What you should do:
Would you transcribe the entries below, beginning at the line with "I'm finna make" and ending after the line with "Let's start with", exactly, with no picture and nothing more?

Material to process:

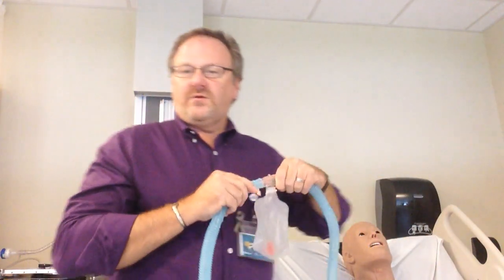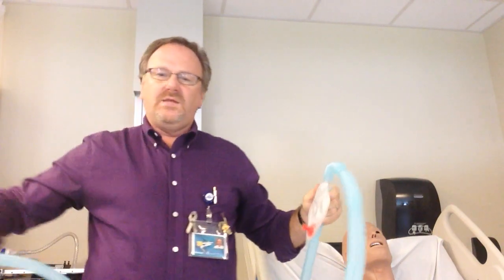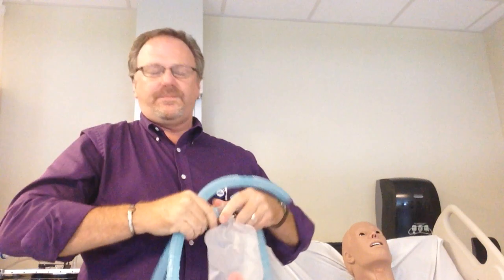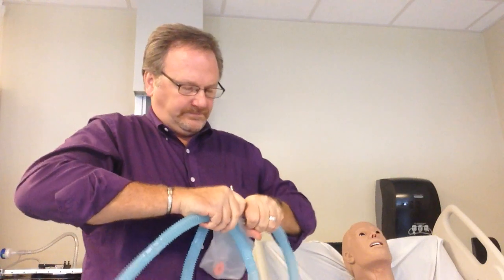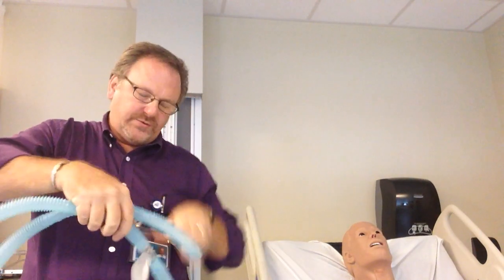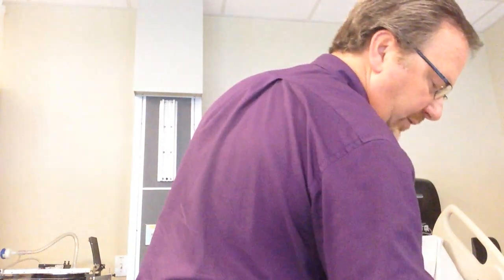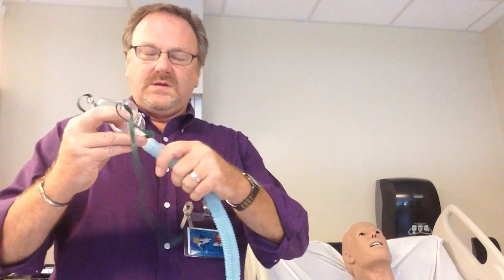Then you take your second section of corrugated tubing. If at any time any of this hits the floor in the hospital, you will have to replace it. For lab competency, if it hits the floor, you will have to verbalize that it hit the floor and that you will replace it. I did let this hit the floor, but that is fine because it is a closed piece and bacteria cannot get on the inside. Then connect whatever device you want — face tent, trach collar, or aerosol face mask. Let's go with trach collar.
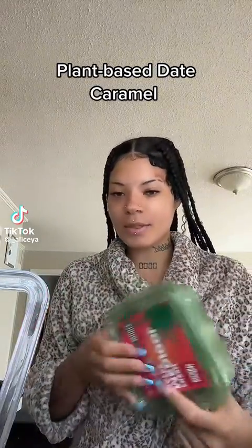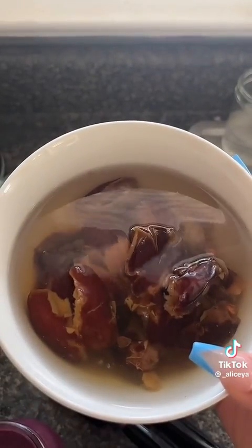I'm finna make this date caramel — if you ain't seen it, it went viral and I'm like, okay I want to try it. Ever since, I've been making it every day and keeping it in the fridge. Get you some dates, take the seeds out, save the seeds, then boil some hot water and pour it on top.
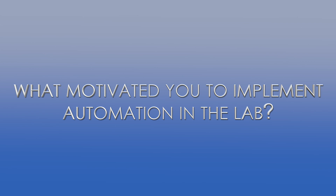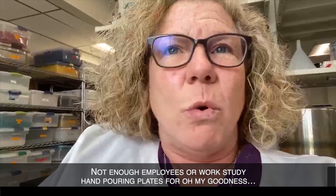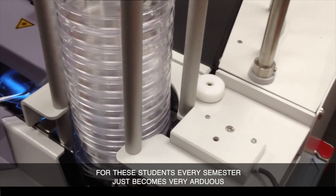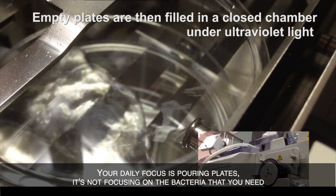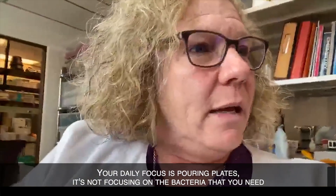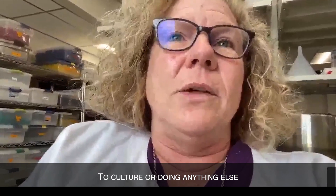When you have so many students and not enough employees or work study, the hand-pouring of plates for these students every semester just becomes very arduous. And your daily focus is pouring plates — it's not focusing on the bacteria that you need, the culture, or doing anything else.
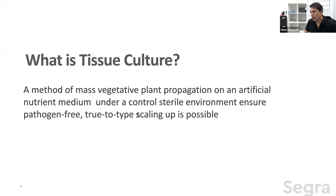Let's start with plant tissue culture. What is plant tissue culture? It's a vegetative plant propagation method where, rather than using a greenhouse or outer environment, we use a controlled sterile environment with artificial nutrients and growth regulators. We control the growth and production ability of the plants so they multiply as required. The plants are normally always true to type, pathogen-free, and disease-free.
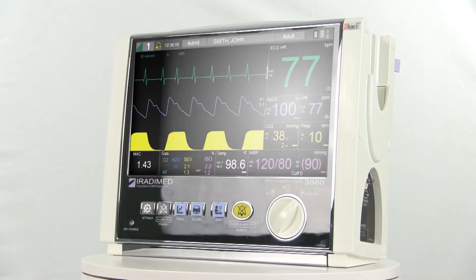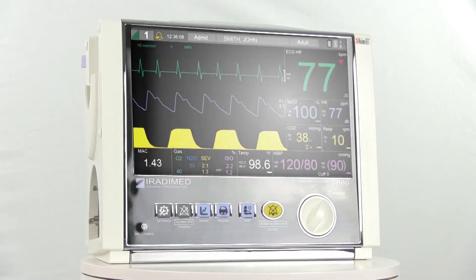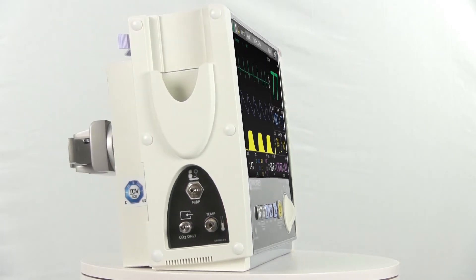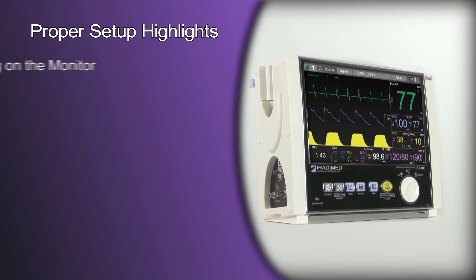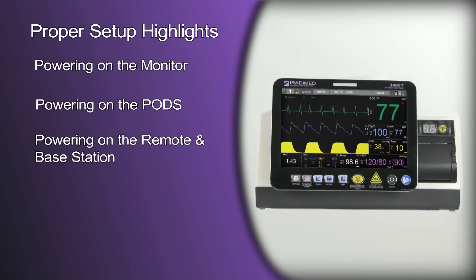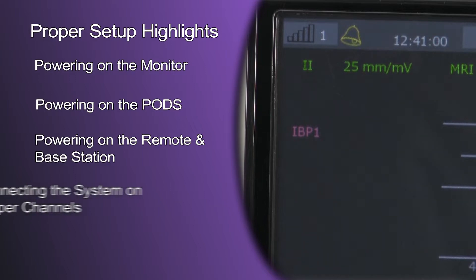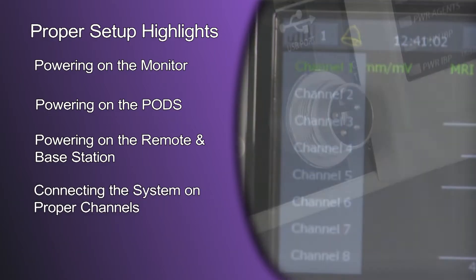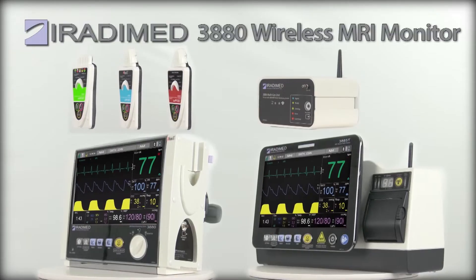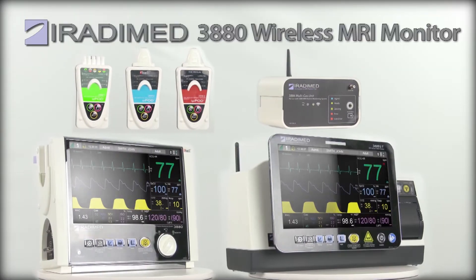Today we are going to review the essential steps into setting up the 3880 MRI patient monitor system. This will ensure patients will have a seamless care cycle during their time at your facility. This video will focus on powering on the monitor, powering on the pods, and finally powering on the wireless remote and its docking station. We will provide step-by-step instructions on how to connect the system on proper channels, and finally connecting devices to their power supply and proper charging practices. This video series will focus largely on the features found on our top tier device, and your device's features may vary.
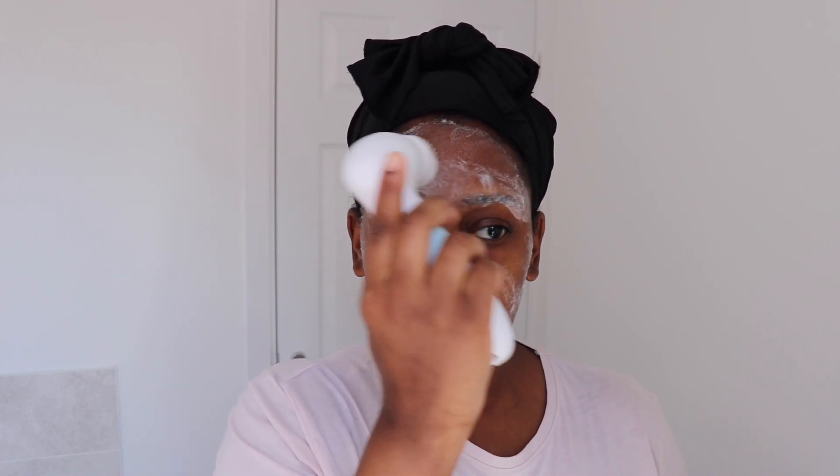I start by applying the facial cleanser onto my face first, and then I take the gentle face cleansing brush and use it in circular motions all around my face to cleanse and remove dead skin cells and all that. I do this for about 60 seconds just to get all that dirt off my face.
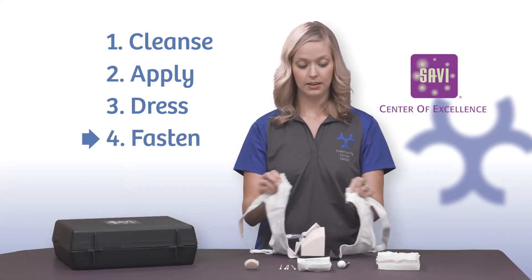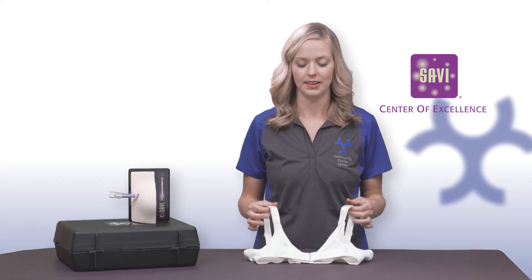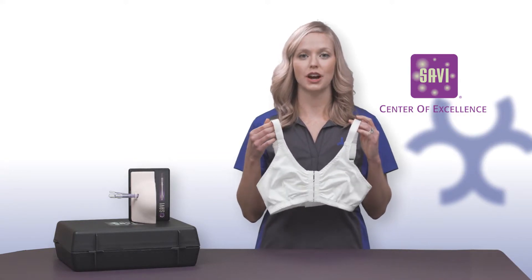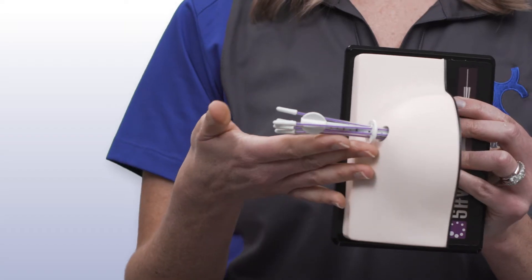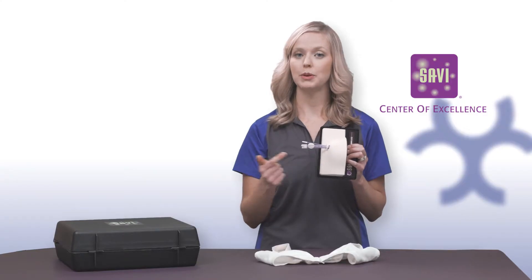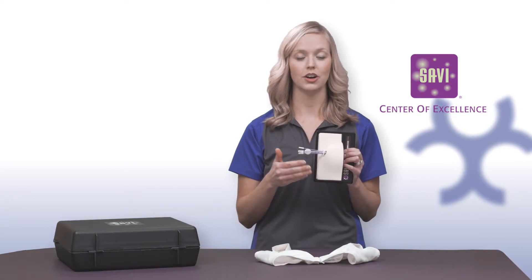Fasten. Fasten the bra. Here are some bra fastening tips. In your kit we've included a front fastening bra. We have found that this is the most comfortable for patients during treatment. It's always best to keep your catheters as straight as possible. During treatment, radiation will be running through each one of these tubes. Any kinking or damage can compromise your care.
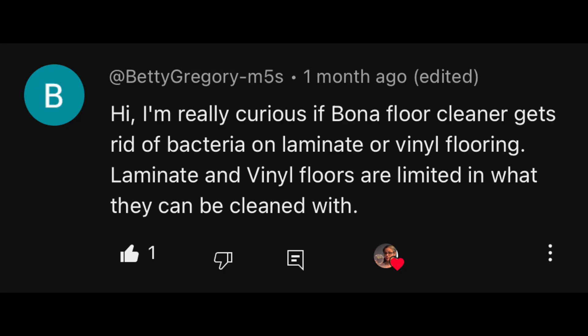Hi everybody. Today's focus, I am testing Bona disposable wet cleaning pads to see how well they remove bacteria from my floor. Today's video is a viewer request. I have had requests to test Bona from Betty Gregory, Brian W, AI13N1NV8D3R, and others.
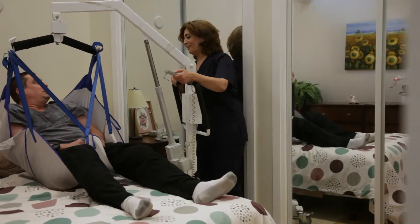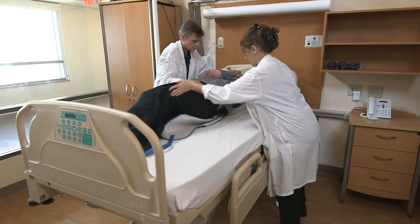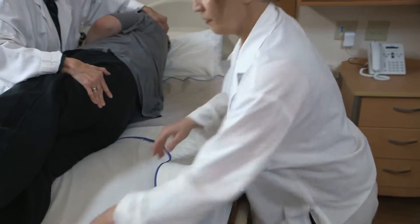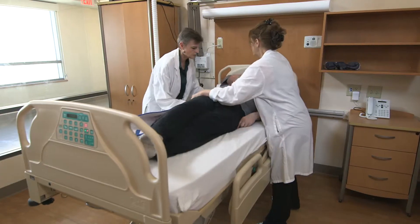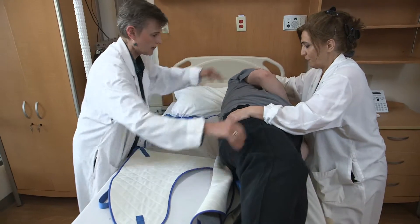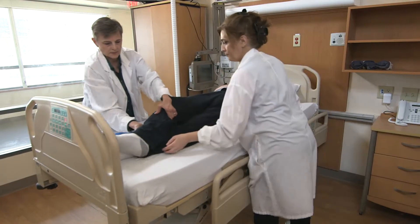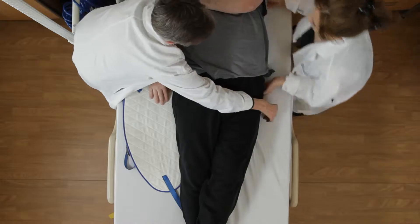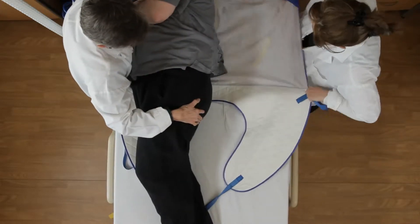The most common patient transfer tools are floor and overhead lifts, but both lifts require health care workers to physically move patients onto a sling for transfer. Most health care workers use the log roll method to assist the transfer. However, this requires a lot of bending, twisting, and lifting, putting caregivers at risk for repetitive injury. In all these cases, the risk of injury is further increased when dealing with bariatric patients.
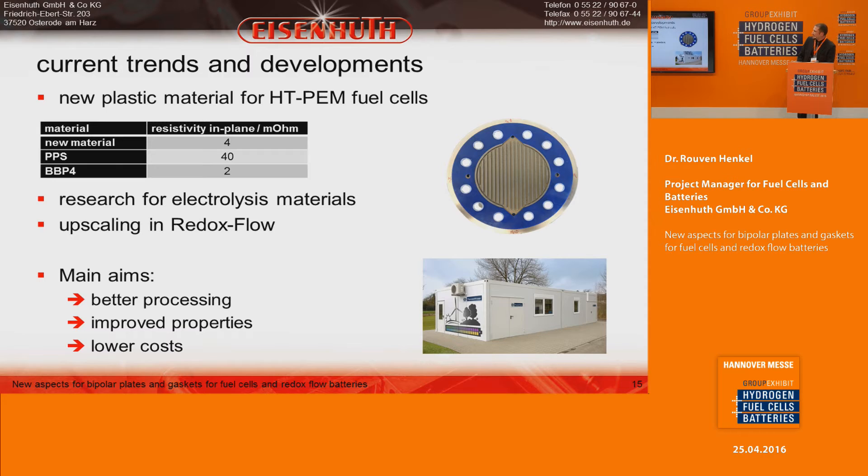Current trends at Eisenhut include developing new materials for high-temperature PEM fuel cells with 10 times lower resistivity than the state-of-the-art PPS material, working on electroresist materials, and upscaling in redox flow applications. Our main aims are better material processing, improved plate properties, and of course lower costs for the user.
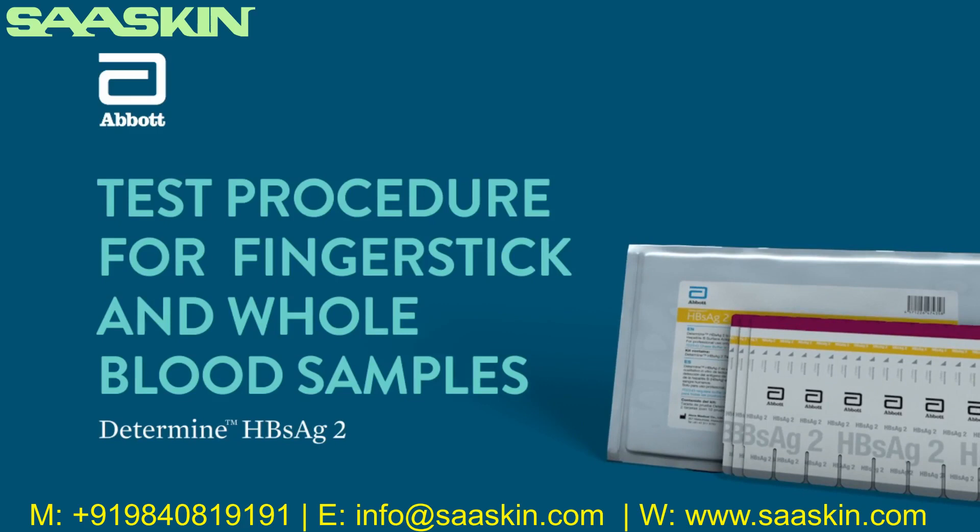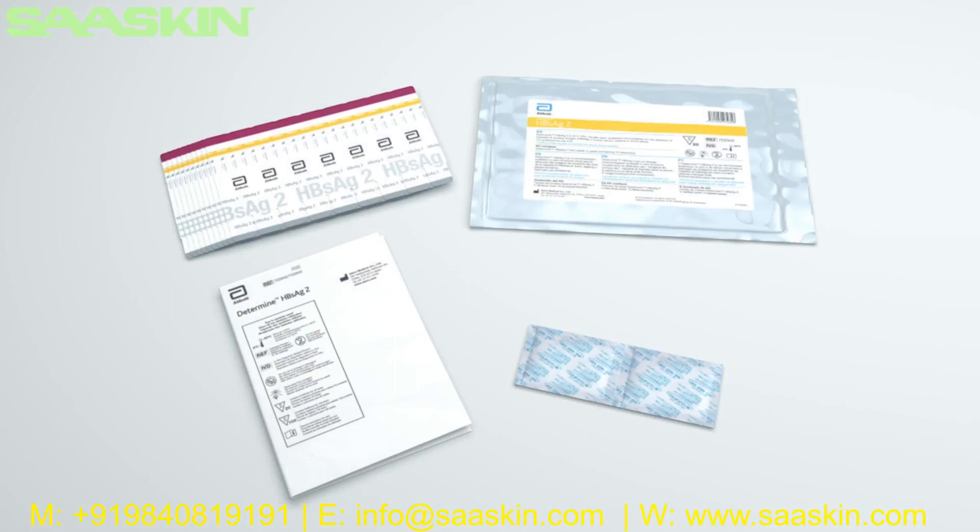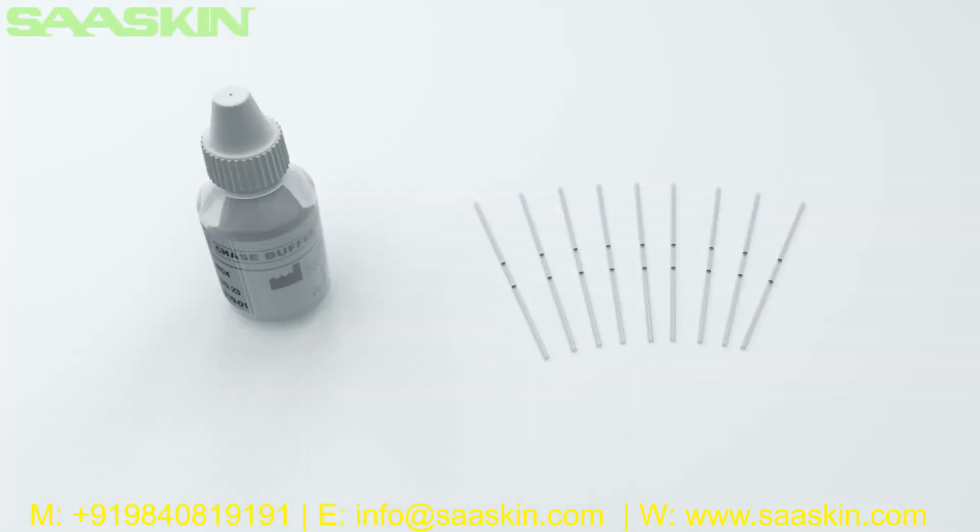The Determine HBsAg2 test procedure for finger stick whole blood samples. The Determine HBsAg2 test is a visually read qualitative immunoassay for the detection of hepatitis B surface antigen (HBsAg) in human serum, plasma, or whole blood. Each hepatitis B surface antigen kit contains one aluminum Ziploc pouch containing either 20 or 100 tests, a desiccant package, and package insert. Chase buffer and disposable capillary tubes for collection and transfer of finger stick samples are provided but separate to the kit.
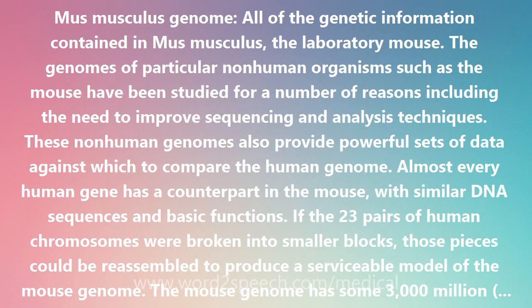These non-human genomes also provide powerful sets of data against which to compare the human genome. Almost every human gene has a counterpart in the mouse, with similar DNA sequences and basic functions.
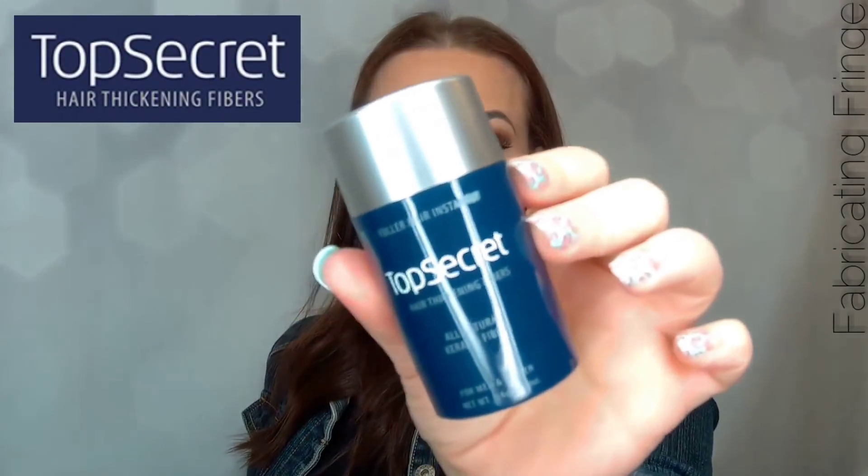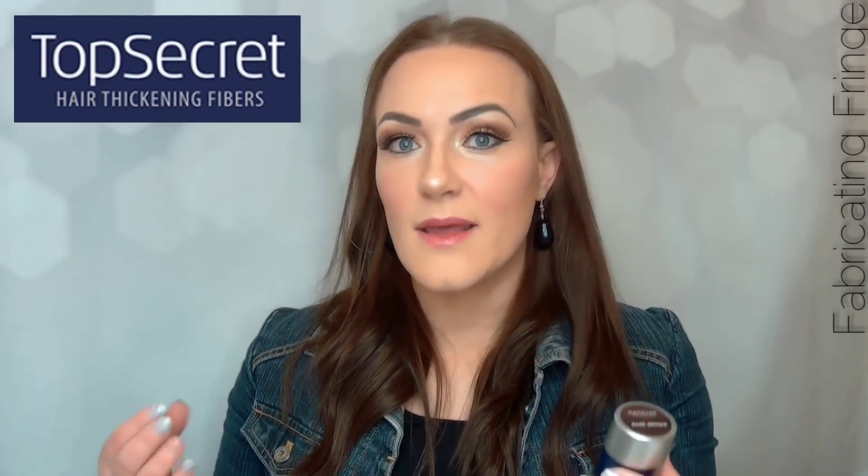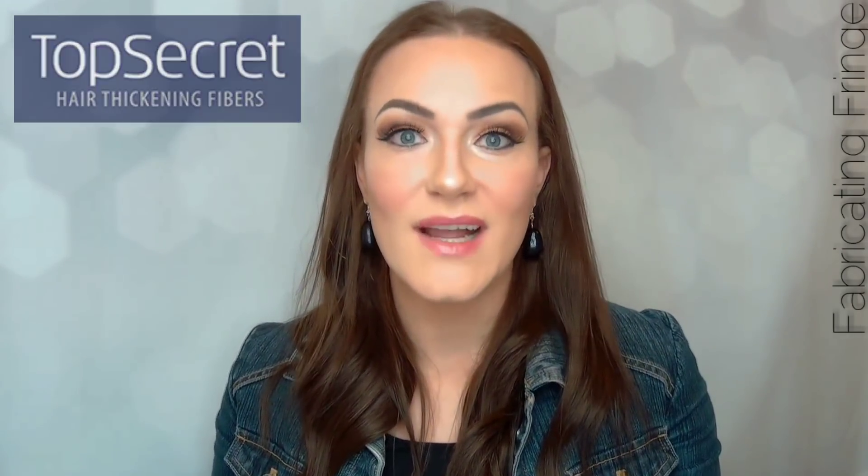Hey everyone, my name is Amber with Fabricating Fringe and today I'm going to show you guys a great product meant to make thin hair look thicker. This product is called Top Secret and these are hair thickening fibers — all natural keratin hair fibers that will create the appearance of thicker, fuller hair instantly. Top Secret is made out of the same keratin protein as your hair and it's safe and easy to use.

Completed exercise:
I'm finna make this date caramel — if you ain't seen it, it went viral and I'm like, okay I want to try it. Ever since, I've been making it every day and keeping it in the fridge. Get you some dates, take the seeds out, save the seeds, then boil some hot water and pour it on top.
When you have so many students and not enough employees or work study, the hand-pouring of plates for these students every semester just becomes very arduous. And your daily focus is pouring plates — it's not focusing on the bacteria that you need, the culture, or doing anything else.
Let's start with plant tissue culture. What is plant tissue culture? It's a vegetative plant propagation method where, rather than using a greenhouse or outer environment, we use a controlled sterile environment with artificial nutrients and growth regulators. We control the growth and production ability of the plants so they multiply as required. The plants are normally always true to type, pathogen-free, and disease-free.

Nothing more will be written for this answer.